AMSTERDAM
-- Miep Gies, the office secretary who defied the Nazi
occupiers to hide Anne Frank and her family for two years
and saved the teenager's diary, has died, the Anne Frank
Museum said yesterday, January 11, 2010. She was
100.
Gies' Web site
reported that she died Monday after a brief illness. The
report was confirmed by museum spokeswoman Maatje Mostar,
but she gave no details. The British Broadcasting Corp.

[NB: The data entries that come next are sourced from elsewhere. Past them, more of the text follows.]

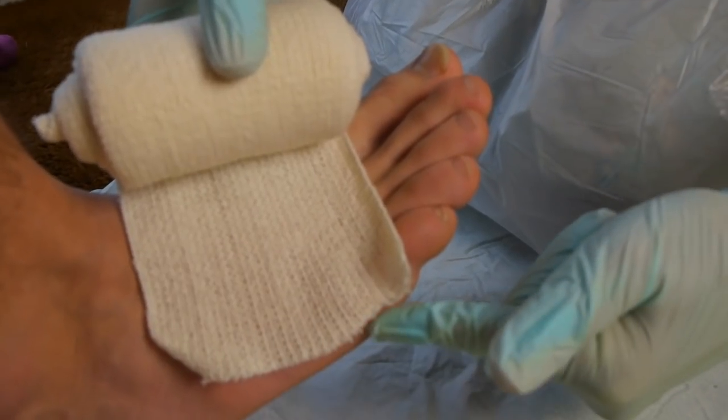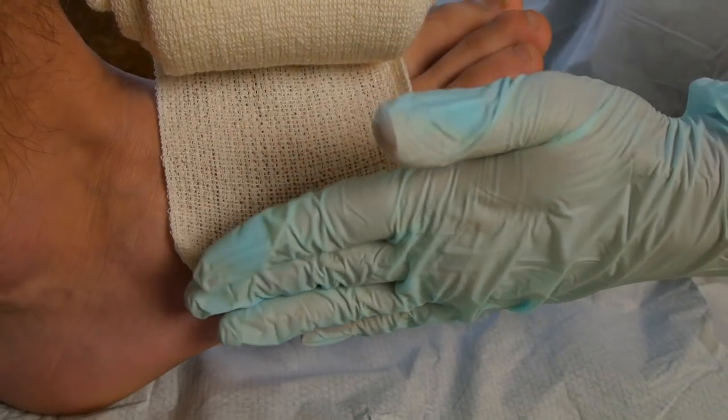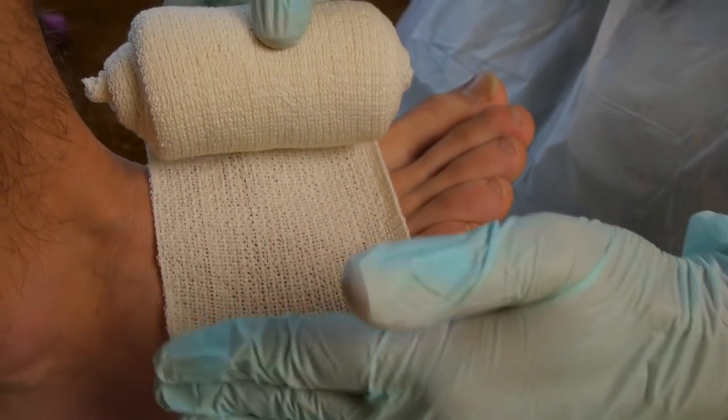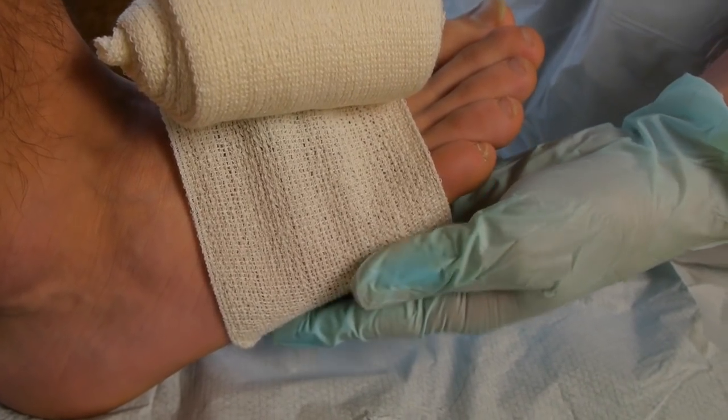Initiate by placing the end of the bandage along the side of the foot. This is for patient comfort. If it was on the bottom, there can be some unevenness that can be uncomfortable.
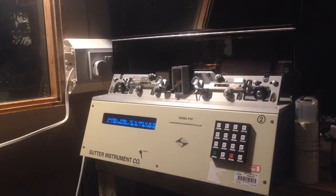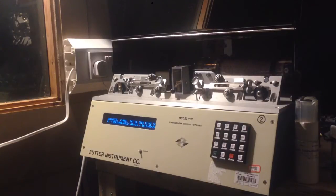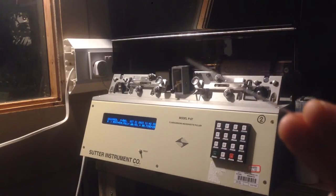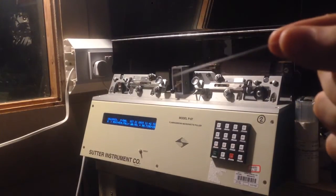Today I decided to start playing with a pipette puller which I picked up at an auction a while ago. Pipette pullers are instruments used for creating micropipettes, which are basically very small pipettes — very small tubes which come to a very fine point.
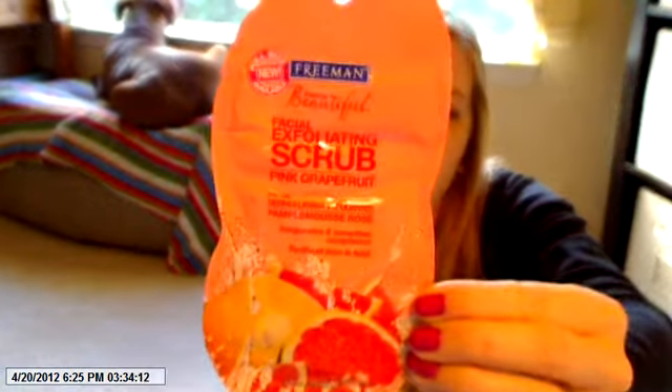And the last thing in here is this Freeman Facial Exfoliating Scrub in Pink Grapefruit. This is just one mask in here — it's a 0.5 ounce sample. And that's what she looks like right there.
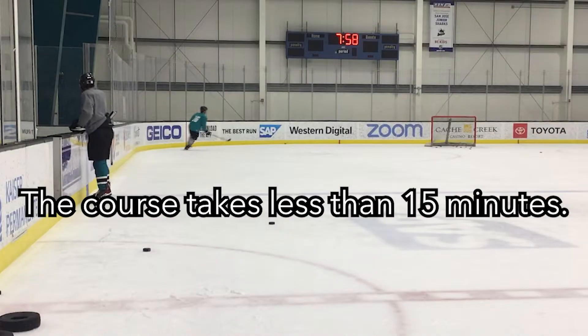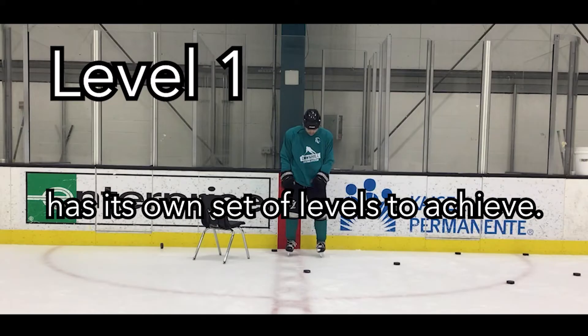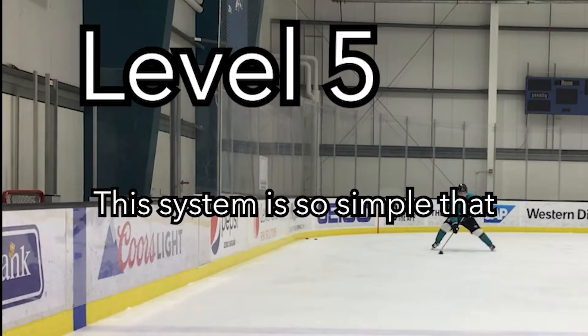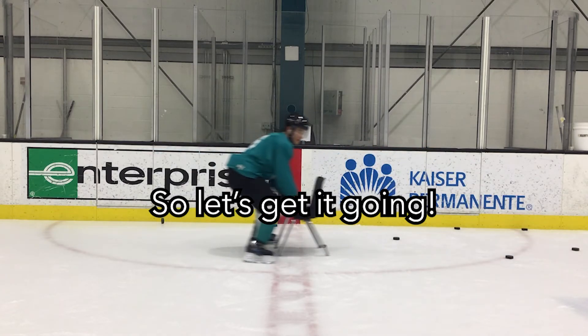The entire course is no more than 15 minutes long. Each fundamental mechanic has its own set of levels to achieve. You can progress and regress at any time, and this system is so simple that you can teach it to first-time skaters. So let's get things going.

said she died in a nursing home after suffering a fall
last month.
Gies was the last
of the few non-Jews who supplied food, books and good
cheer to the secret annex behind the canal warehouse
where Anne, her parents, sister and four other Jews hid
for 25 months during World War II.
After the apartment
was raided by the German police, Gies gathered up Anne's
scattered notebooks and papers and locked them in a
drawer for her return after the war. The diary, which
Anne Frank was given on her 13th birthday, chronicles her
life in hiding from June 12, 1942 until August 1,
1944.
.Miep
Gies and her husband Jan visit the Anne Frank House in
Amsterdam (1987 photo).
'Helpers'
Gies refused to
read the papers, saying even a teenager's privacy was
sacred. Later, she said if she had read them she would
have had to burn them because they incriminated the
"helpers."
Anne Frank died of
typhus at age 15 in the Bergen-Belsen concentration camp
in March 1945, just two weeks before the camp was
liberated. Gies gave the diary to Anne's father Otto, the
only survivor, who published it in 1947.
After the diary was
published, Gies tirelessly promoted causes of tolerance.
She brushed aside the accolades for helping hide the
Frank family as more than she deserved --as if, she said,
she had tried to save all the Jews of occupied
Holland.
"This is very
unfair. So many others have done the same or even far
more dangerous work," she wrote in an e-mail to The
Associated Press days before her 100th birthday last
February.
"The Diary of Anne
Frank" was the first popular book about the Holocaust,
and has been read by millions of children and adults
around the world in some 65 languages.
For her courage,
Gies was bestowed with the "Righteous Among the Nations"
title by the Israeli Holocaust museum Yad Vashem. She has
also been honored by the German Government, Dutch
monarchy and educational institutions.
Nevertheless, Gies
resisted being made a character study of heroism for the
young.
"I don't want to be
considered a hero," she said in a 1997 online chat with
schoolchildren.
"Imagine young
people would grow up with the feeling that you have to be
a hero to do your human duty. I am afraid nobody would
ever help other people, because who is a hero? I was not.
I was just an ordinary housewife and secretary."